Sortant d'un hôpital d'Oulan-Bator, il a simplement remercié les personnes l'ayant soutenu et indiqué "ne pas connaître" ses ravisseurs.
Immense pays peuplé de trois millions d'habitants, la Mongolie fait figure d'"oasis de démocratie", selon une expression de l'ex-secrétaire d'Etat américain John Kerry, en étau entre Chine et Russie, deux régimes aux inclinations autoritaires.
Or, l'affaire pourrait mettre Oulan-Bator sous pression et "provoquer une crise diplomatique entre la Turquie et la Mongolie, empoisonnant une relation bilatérale devenue très active" depuis une dizaine d'années, a commenté Julian Dierkes, professeur expert du pays à l'Université de Colombie Britannique (Canada).
L'agence d'aide internationale turque "a de multiples projets en Mongolie, et de nombreux étudiants mongols fréquentent des université en Turquie", des dynamiques qui pourraient être "menacées", estime-t-il.
Traque planétaire d'Ankara
Cet incident rappelle la vaste traque engagée par Ankara à l'échelle du globe.
Depuis le putsch avorté de juillet 2016, les autorités turques recherchent sans relâche ceux qu'elles soupçonnent d'être des partisans de Fethullah Gülen, autrefois allié de l'actuel président turc Recep Tayyip Erdogan et qui nie toute implication dans le putsch avorté.
Le mouvement initié par M. Gülen avait développé une influence significative en Turquie et à l'étranger, surtout en Asie centrale, en Afrique et dans les Balkans, notamment via un vaste réseau d'éducation.
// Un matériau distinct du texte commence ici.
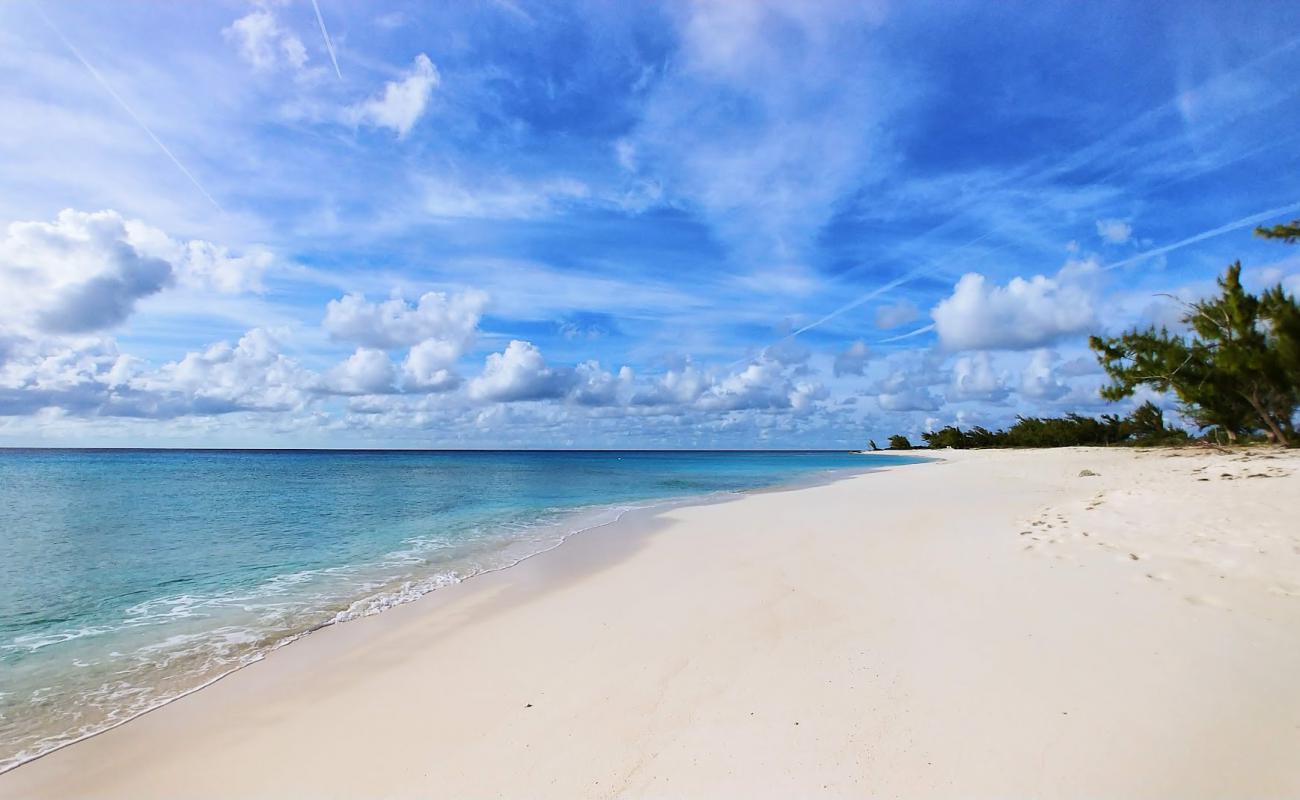 Фото Norman Saunders beach с золотистый песок поверхностью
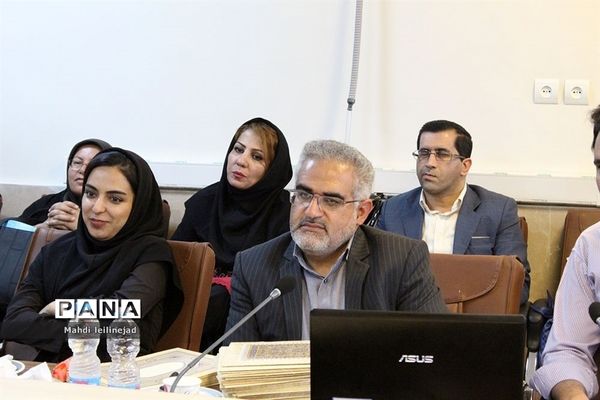 نشست خبری مدیرکل آموزش و پرورش البرز همراه با تقدیر از اصحاب رسانه استان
Selon l'agence de presse étatique turque Anadolu, plus de 1.600 personnes ont été condamnées à la prison à vie en lien avec le putsch, tandis que quelque 77.000 suspects étaient incarcérés.
Les services secrets turcs ont mené ces derniers mois plusieurs opérations pour ramener en Turquie des partisans présumés de M. Gülen vivant à l'étranger. Ankara a affirmé début avril que ses services avaient ramené 80 personnes arrêtées dans 18 pays différents. La semaine dernière, l'expulsion d'un blogueur turc par l'Ukraine à la demande d'Ankara a suscité la "préoccupation" de l'OSCE.